RECORDS FOR THIS TASK:
===

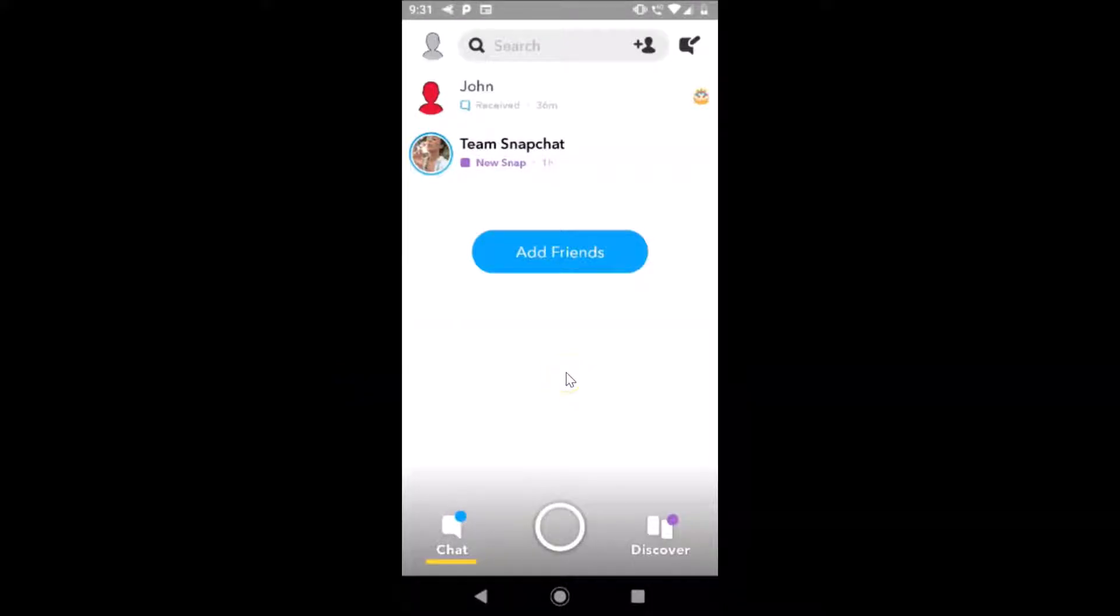Hi guys, in this tutorial I'm going to show you how to log out from Snapchat on Android. You can see I'm logged into my Snapchat account and I want to log out.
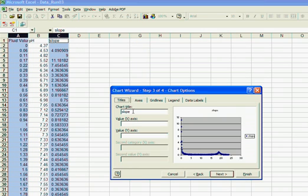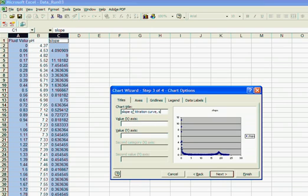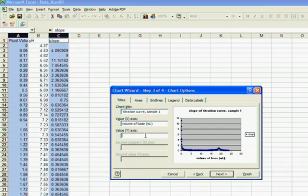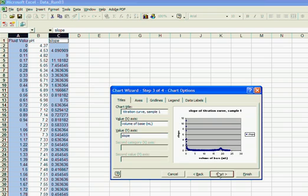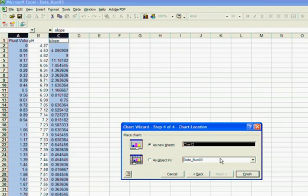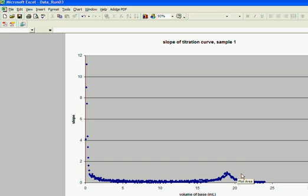I'm changing the title of the plot. I'm going to label the x-axis volume of base in milliliters, and I'm going to put slope as my y-value. Next, and I'm going to have that also as a new sheet.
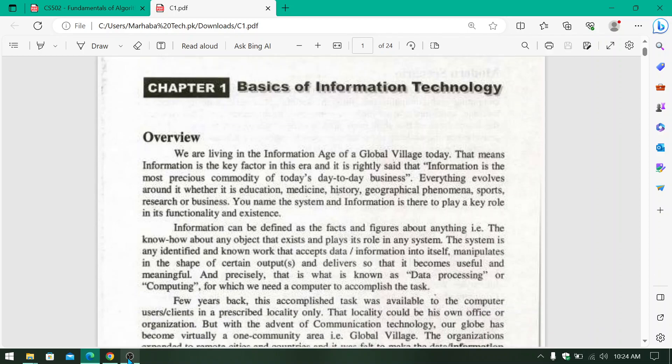First of all, I will tell you about information technology. What is information technology? You know that in today's time, there is so much science and technology that has progressed. Our whole world is a global village. What is the global village? What is the meaning of research and business in the world?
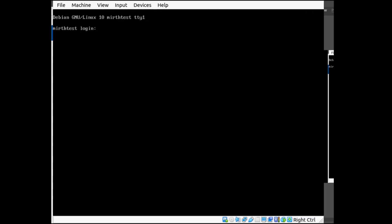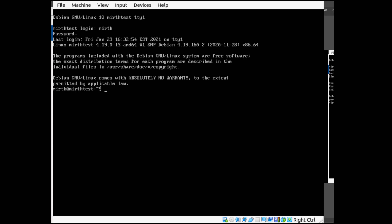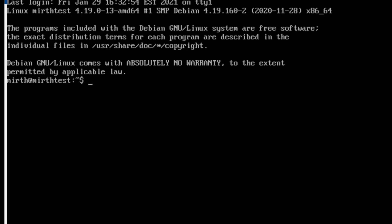Okay, so now it's just rebooted. So we can log in as the user MIRTH with our password for MIRTH. What we want to do is /sbin/service mirthconnect status.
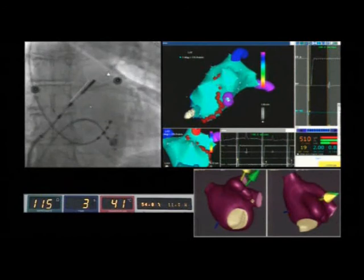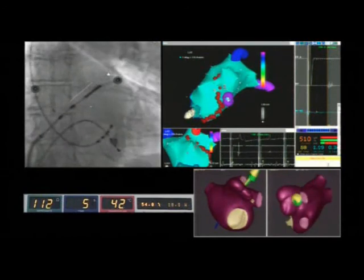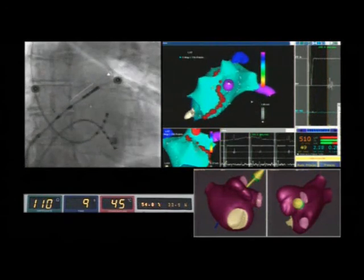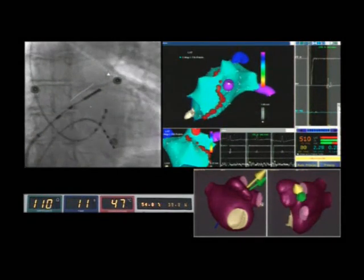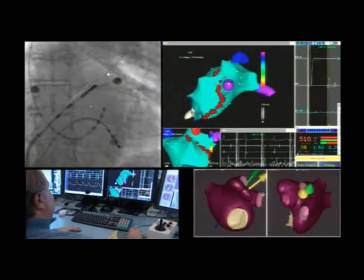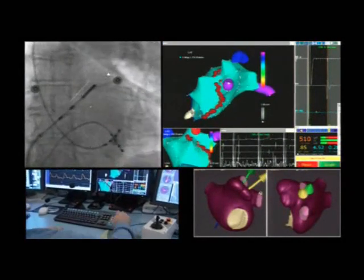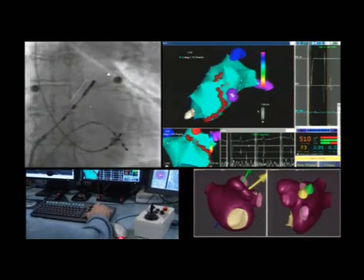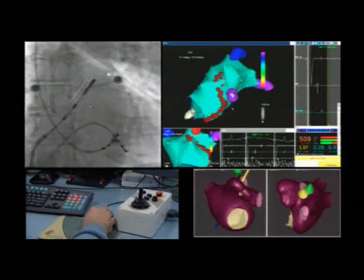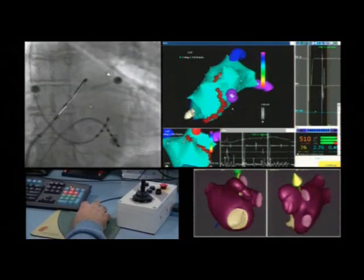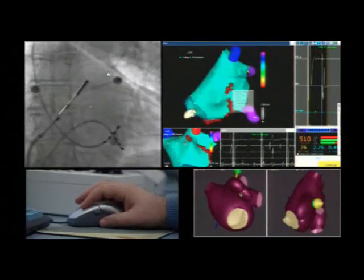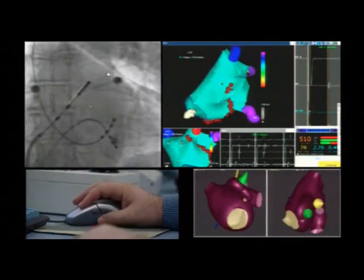The stability of the catheter can be checked on the fluoroscopy, where we can also see minimal movements of the catheter induced by the operator. The procedure is followed simultaneously on the CARTO, where by constant rotation it is possible to apply contiguous ablations even in challenging points.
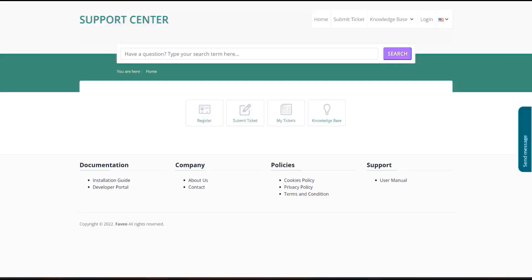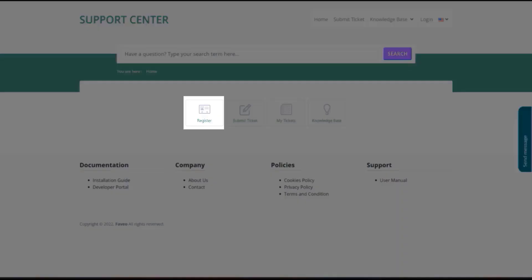Hi everyone, welcome to today's video. We will see how to create a ticket in Fabio. To be able to create a ticket in Fabio, a user should be registered on the Fabio portal, and if you are not registered, then you can click on the register button.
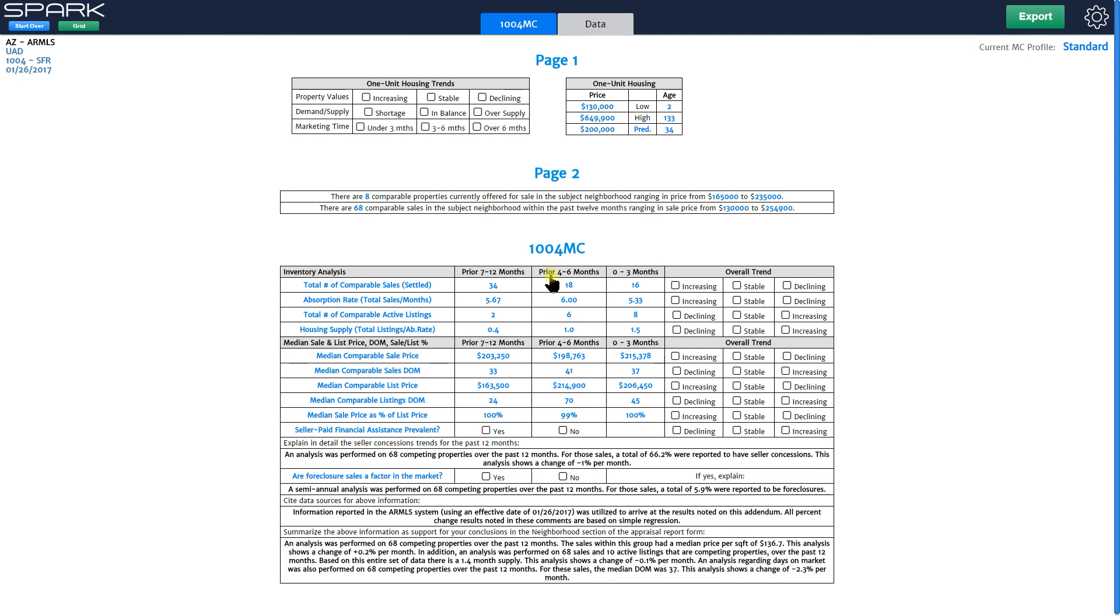I do just want to point out that the neighborhood file is what is used to fill out your low, high, and predominant. This does not use your competing file, it uses your neighborhood file so if you don't load in your neighborhood you're not going to get that information. Thanks everybody for watching.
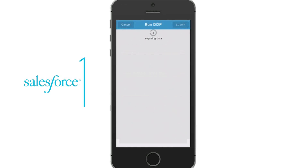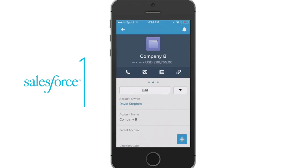Now let's watch your account plan build. Bringing in data from the account, the opportunities, the contacts, and the user information. All of the data has been merged into an account plan summary and automatically posted to Chatter.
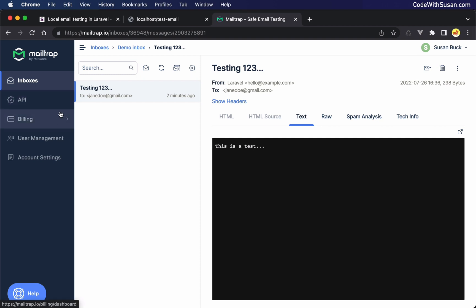But let's say you want this experience where you can view your test messages in an inbox, but you don't want to pay for mailtrap. Another option is you can set up a local development SMTP server using something called mailhog. And Laravel actually comes with mailhog installed by default. So it's really easy to get set up. To show what you have to do, let's go back to the notes that I have for this video.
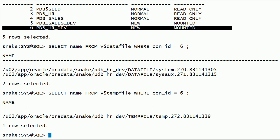During this session, we created two PDBs by cloning existing pluggable databases. We used both ASM and file system storage for the new PDBs.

===

YOUR GOAL: Every line of the records must come back unchanged, except that pictures are dropped.

REPLY TO THE EXERCISE:
Hi guys, in this tutorial I'm going to show you how to log out from Snapchat on Android. You can see I'm logged into my Snapchat account and I want to log out.
I'm changing the title of the plot. I'm going to label the x-axis volume of base in milliliters, and I'm going to put slope as my y-value. Next, and I'm going to have that also as a new sheet.
First of all, I will tell you about information technology. What is information technology? You know that in today's time, there is so much science and technology that has progressed. Our whole world is a global village. What is the global village? What is the meaning of research and business in the world?
Okay, so now it's just rebooted. So we can log in as the user MIRTH with our password for MIRTH. What we want to do is /sbin/service mirthconnect status.
The stability of the catheter can be checked on the fluoroscopy, where we can also see minimal movements of the catheter induced by the operator. The procedure is followed simultaneously on the CARTO, where by constant rotation it is possible to apply contiguous ablations even in challenging points.
Hi everyone, welcome to today's video. We will see how to create a ticket in Fabio. To be able to create a ticket in Fabio, a user should be registered on the Fabio portal, and if you are not registered, then you can click on the register button.
I do just want to point out that the neighborhood file is what is used to fill out your low, high, and predominant. This does not use your competing file, it uses your neighborhood file so if you don't load in your neighborhood you're not going to get that information. Thanks everybody for watching.
Now let's watch your account plan build. Bringing in data from the account, the opportunities, the contacts, and the user information. All of the data has been merged into an account plan summary and automatically posted to Chatter.
But let's say you want this experience where you can view your test messages in an inbox, but you don't want to pay for mailtrap. Another option is you can set up a local development SMTP server using something called mailhog. And Laravel actually comes with mailhog installed by default. So it's really easy to get set up. To show what you have to do, let's go back to the notes that I have for this video.
During this session, we created two PDBs by cloning existing pluggable databases. We used both ASM and file system storage for the new PDBs.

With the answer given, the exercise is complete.